The spread of smartphones, powered by fast 3G and LTE networks used to watch ever more video content, are pushing up the volume of mobile data traffic. The challenge for operators will be to turn that into more revenue, as users prefer Wi-Fi networks, an analyst said.
While recent financial reports from operators have shown tepid growth in some parts of the world, especially in the south of Europe, the coming years will still see smartphone subscriptions and traffic increase significantly on a global basis, according to network vendor Ericsson’s latest Mobility Report.
It took five years to reach 1 billion smartphones shipped, but it will take just another two years to reach the two billion mark, which Ericsson thinks illustrates how fast the mobile industry is still moving.

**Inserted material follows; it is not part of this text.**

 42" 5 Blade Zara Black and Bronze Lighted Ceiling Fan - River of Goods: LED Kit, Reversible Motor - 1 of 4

Big moves in the developing world
Much of that growth is expected to come from developing countries, according to Pyramid Research. Global smartphone sales are expected to more than double between 2012 and 2017, with sell-through in emerging markets expected to generate 58 percent of smartphone sales during the period, it said last month.

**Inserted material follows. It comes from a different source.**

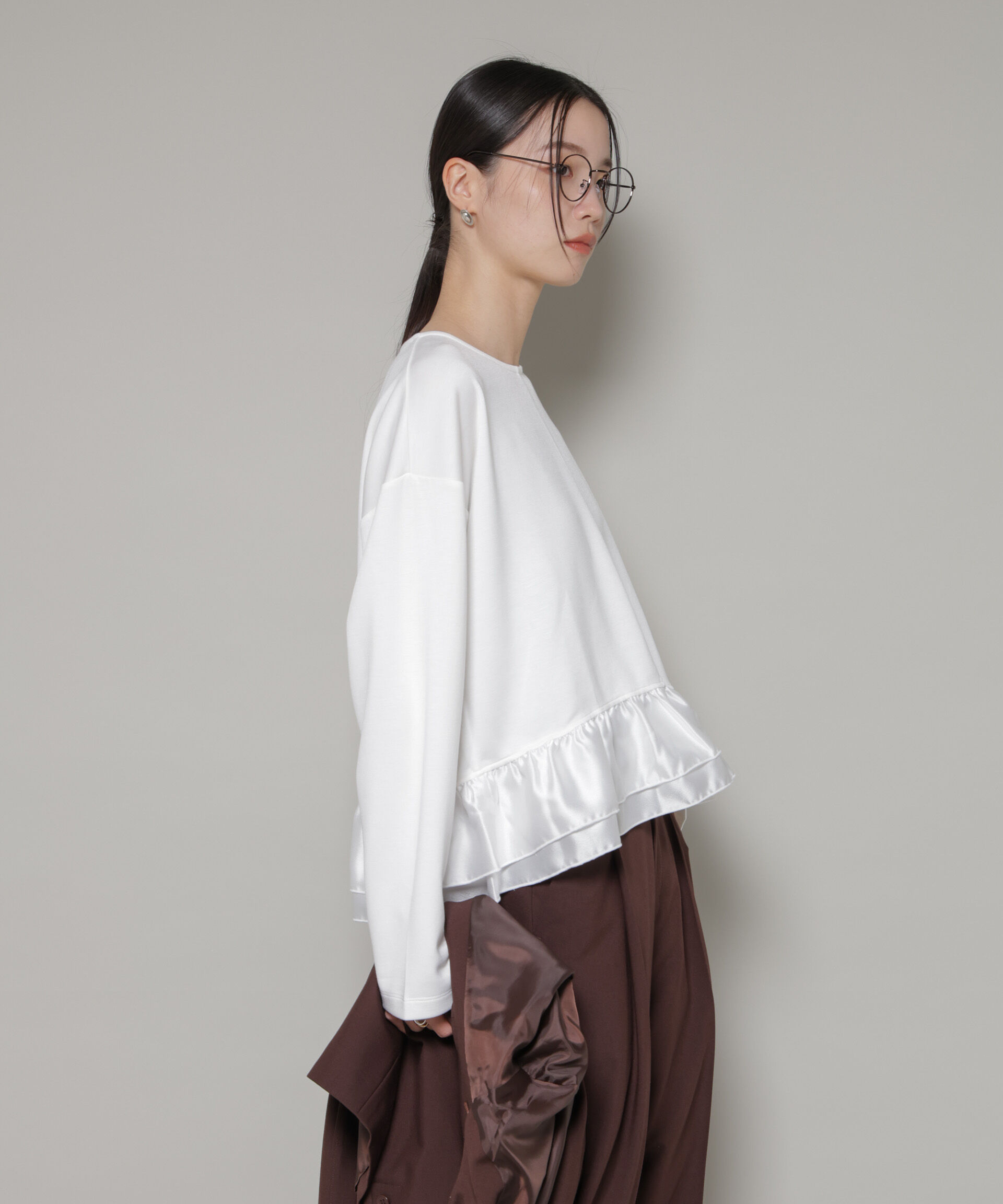 nano･universe「ダンボールカットサテンペプラムトップス」|Tシャツ・カットソー|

The total number of global smartphone subscriptions hit 1.2 billion in 2012, and will reach 4.5 billion by the end of 2018, according to Ericsson. More subscriptions will help drive traffic growth, and challenge operators to build networks that can cope with increasing loads. Overall data traffic is expected to grow twelvefold by the end of 2018, it said.
Much of that growth comes from video, which hogs the largest amount of data traffic in networks and it is expected to grow by about 60 percent annually until the end of 2018.
The growing popularity of video is also due to the faster network speeds offered by technologies such as LTE. Nonetheless, cellular networks aren’t delivering the bulk of smartphone data traffic , according to Mark Newman, chief research officer at Informa Telecoms & Media.
“We have access to some very good statistics that suggests that the majority of data traffic on smartphones is via Wi-Fi. That is because most usage actually takes place at home where [home network] Wi-Fi coverage tends to be better than 3G,” Newman said.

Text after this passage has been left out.